▶ Work to be completed: An identical copy of all the entries is the required result.

(Short descriptive text snippets)
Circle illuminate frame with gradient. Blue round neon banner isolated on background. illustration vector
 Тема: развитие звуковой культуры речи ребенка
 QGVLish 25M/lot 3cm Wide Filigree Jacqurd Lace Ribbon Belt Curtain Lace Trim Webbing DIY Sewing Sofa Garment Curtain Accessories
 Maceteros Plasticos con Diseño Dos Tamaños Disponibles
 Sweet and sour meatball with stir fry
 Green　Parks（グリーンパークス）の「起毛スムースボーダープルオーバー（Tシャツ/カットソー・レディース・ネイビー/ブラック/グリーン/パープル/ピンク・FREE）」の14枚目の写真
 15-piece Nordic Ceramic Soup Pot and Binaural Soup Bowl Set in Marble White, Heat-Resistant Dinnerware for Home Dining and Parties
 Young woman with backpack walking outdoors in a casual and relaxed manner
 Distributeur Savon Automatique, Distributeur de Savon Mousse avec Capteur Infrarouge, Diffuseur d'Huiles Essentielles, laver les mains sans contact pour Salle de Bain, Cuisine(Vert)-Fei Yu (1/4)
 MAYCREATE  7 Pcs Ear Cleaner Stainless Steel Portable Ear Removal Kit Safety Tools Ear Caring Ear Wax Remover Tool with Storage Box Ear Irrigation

▶ Exercise answer:
Circle illuminate frame with gradient. Blue round neon banner isolated on background. illustration vector
 Тема: развитие звуковой культуры речи ребенка
 QGVLish 25M/lot 3cm Wide Filigree Jacqurd Lace Ribbon Belt Curtain Lace Trim Webbing DIY Sewing Sofa Garment Curtain Accessories
 Maceteros Plasticos con Diseño Dos Tamaños Disponibles
 Sweet and sour meatball with stir fry
 Green　Parks（グリーンパークス）の「起毛スムースボーダープルオーバー（Tシャツ/カットソー・レディース・ネイビー/ブラック/グリーン/パープル/ピンク・FREE）」の14枚目の写真
 15-piece Nordic Ceramic Soup Pot and Binaural Soup Bowl Set in Marble White, Heat-Resistant Dinnerware for Home Dining and Parties
 Young woman with backpack walking outdoors in a casual and relaxed manner
 Distributeur Savon Automatique, Distributeur de Savon Mousse avec Capteur Infrarouge, Diffuseur d'Huiles Essentielles, laver les mains sans contact pour Salle de Bain, Cuisine(Vert)-Fei Yu (1/4)
 MAYCREATE  7 Pcs Ear Cleaner Stainless Steel Portable Ear Removal Kit Safety Tools Ear Caring Ear Wax Remover Tool with Storage Box Ear Irrigation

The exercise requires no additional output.